Short web captions -
┄┄┄┄┄┄┄┄┄┄┄┄┄┄┄┄┄┄┄┄

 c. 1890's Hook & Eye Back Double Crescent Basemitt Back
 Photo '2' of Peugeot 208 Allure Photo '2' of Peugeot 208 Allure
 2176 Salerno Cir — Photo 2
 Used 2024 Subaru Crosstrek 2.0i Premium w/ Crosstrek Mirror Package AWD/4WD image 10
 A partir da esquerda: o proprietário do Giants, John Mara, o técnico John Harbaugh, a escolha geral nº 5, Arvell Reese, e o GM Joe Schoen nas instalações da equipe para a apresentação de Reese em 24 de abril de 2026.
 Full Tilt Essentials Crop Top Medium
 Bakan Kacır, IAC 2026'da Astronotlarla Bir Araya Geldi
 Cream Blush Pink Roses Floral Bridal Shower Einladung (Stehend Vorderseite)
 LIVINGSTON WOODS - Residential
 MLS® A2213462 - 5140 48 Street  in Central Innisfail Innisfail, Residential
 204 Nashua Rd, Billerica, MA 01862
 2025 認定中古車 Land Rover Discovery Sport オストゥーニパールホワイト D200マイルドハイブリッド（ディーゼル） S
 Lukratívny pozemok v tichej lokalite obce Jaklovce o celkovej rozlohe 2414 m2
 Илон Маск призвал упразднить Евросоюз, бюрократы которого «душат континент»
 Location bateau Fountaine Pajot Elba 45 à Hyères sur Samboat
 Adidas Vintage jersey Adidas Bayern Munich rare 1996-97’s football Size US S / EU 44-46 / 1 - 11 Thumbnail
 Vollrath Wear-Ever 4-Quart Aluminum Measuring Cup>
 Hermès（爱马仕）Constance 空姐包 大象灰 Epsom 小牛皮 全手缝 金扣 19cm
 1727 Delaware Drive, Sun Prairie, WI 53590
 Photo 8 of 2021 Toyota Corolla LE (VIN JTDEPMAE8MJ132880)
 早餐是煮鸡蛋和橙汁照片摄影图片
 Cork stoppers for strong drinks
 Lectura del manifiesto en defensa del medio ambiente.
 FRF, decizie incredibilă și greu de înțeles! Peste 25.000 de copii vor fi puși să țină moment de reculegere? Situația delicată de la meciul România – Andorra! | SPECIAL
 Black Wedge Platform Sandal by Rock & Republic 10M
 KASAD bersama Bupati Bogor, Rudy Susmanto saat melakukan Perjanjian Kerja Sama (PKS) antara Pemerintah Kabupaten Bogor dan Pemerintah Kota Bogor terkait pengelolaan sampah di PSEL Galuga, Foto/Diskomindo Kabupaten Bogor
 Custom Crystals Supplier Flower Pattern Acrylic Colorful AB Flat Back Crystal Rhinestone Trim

┄┄┄┄┄┄┄┄┄┄┄┄┄┄┄┄┄┄┄┄

Your objective -
Identify how many lines in the entries above contain the word "Photo" and provide only that figure.

Solved problem -
3